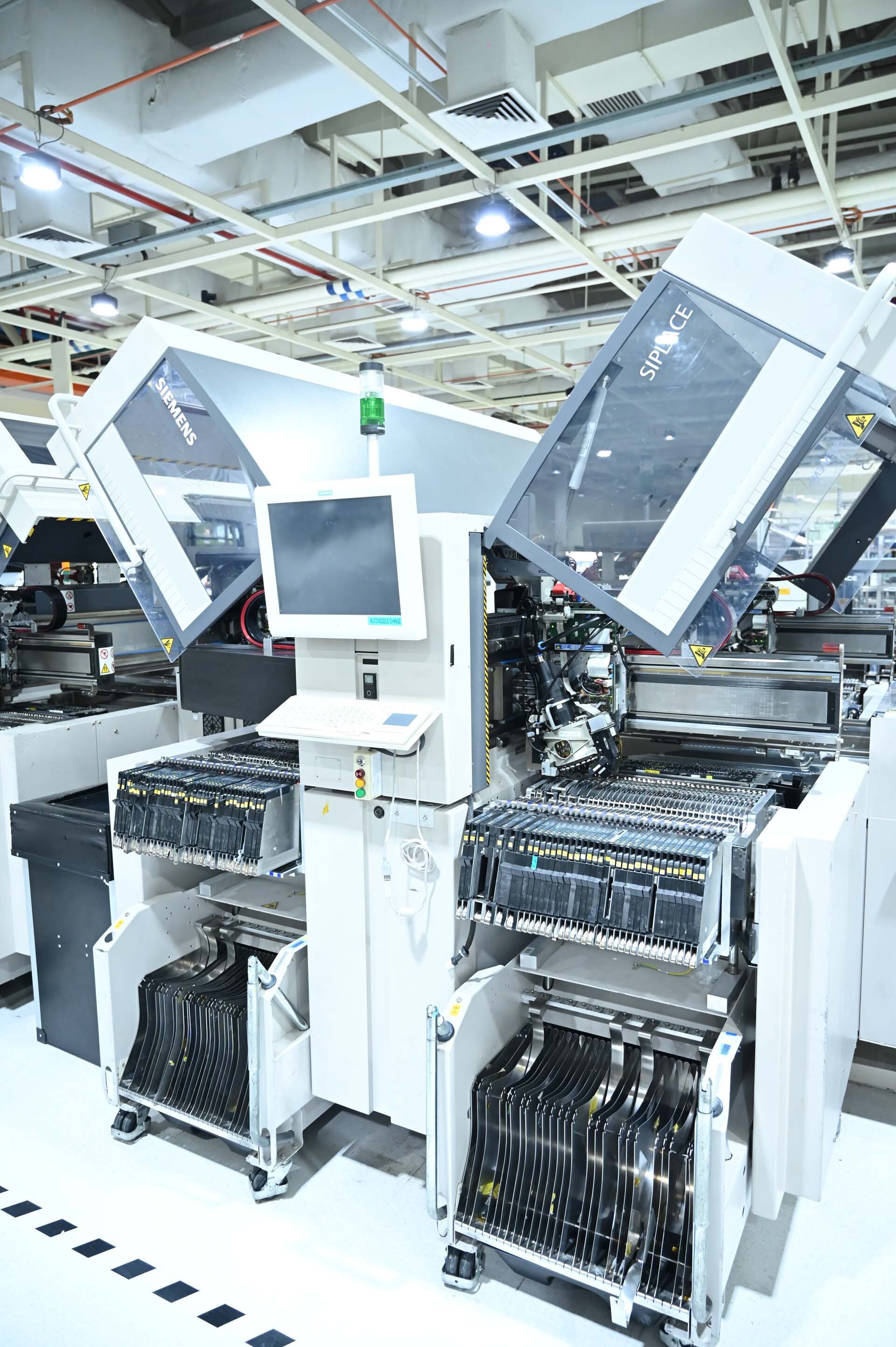 Foto Verwendet ASM / SIEMENS Siplace X4 Zum Verkauf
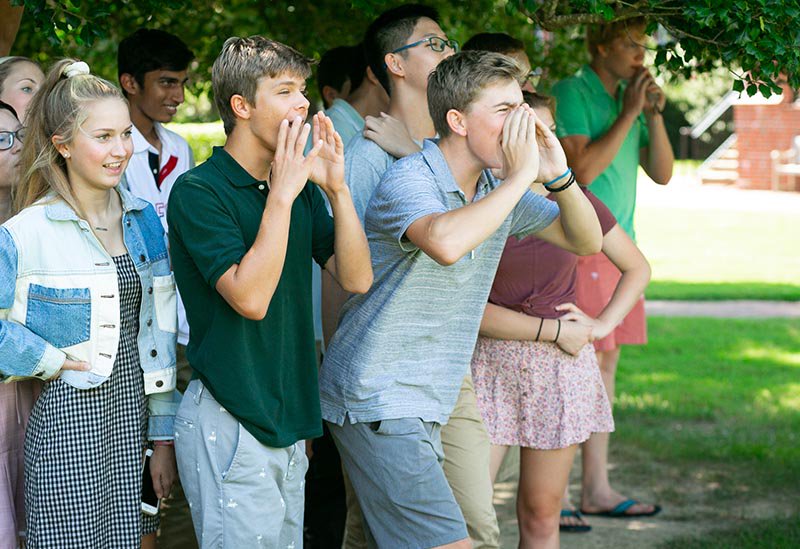 CCSrightnow's tweet photo. Today was the first day the 10th graders met as an entire class for Grade Level Integrated work. #KeyCompetencies #KeyIdeas #ReadyForMore #SetYourCourse #GreatJourneysCurriculum #10thGrade #BoardingSchool #Virginia #EpiscopalSchool #since1921 https://t.co/xDMuXoCiR0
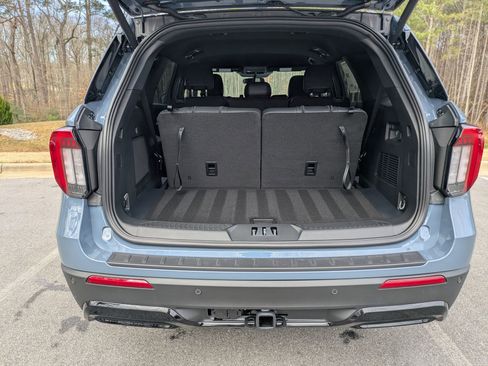 New 2026 Ford Explorer ST-Line image 30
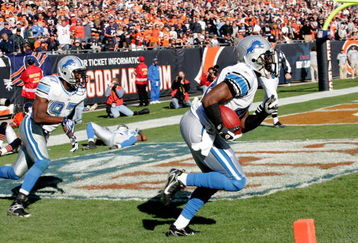 CHICAGO - OCTOBER 28:  Defensive back Gerald Alexander #42 of the Detroit Lions runs with the football out of the end zone after an interception against the Chicago Bears at Soldier Field on October 28, 2007 in Chicago Illinois. The Lions defeated the Bears 16-7.  (Photo by Scott Boehm/Getty Images)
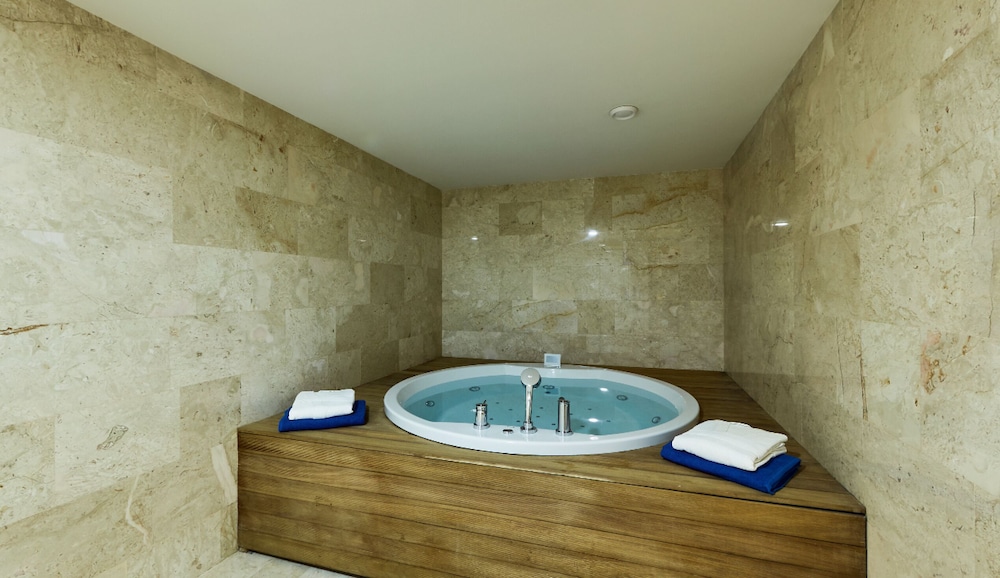 Indoor spa tub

|---|

## Your instructions
Keeping both end lines, retype exactly the lines from the first line of the material through the line that contains "New 2026 Ford Explorer ST-Line image 30", but not the pictures.

## Completed task
 Foto Verwendet ASM / SIEMENS Siplace X4 Zum Verkauf
 CCSrightnow's tweet photo. Today was the first day the 10th graders met as an entire class for Grade Level Integrated work. #KeyCompetencies #KeyIdeas #ReadyForMore #SetYourCourse #GreatJourneysCurriculum #10thGrade #BoardingSchool #Virginia #EpiscopalSchool #since1921 https://t.co/xDMuXoCiR0
 New 2026 Ford Explorer ST-Line image 30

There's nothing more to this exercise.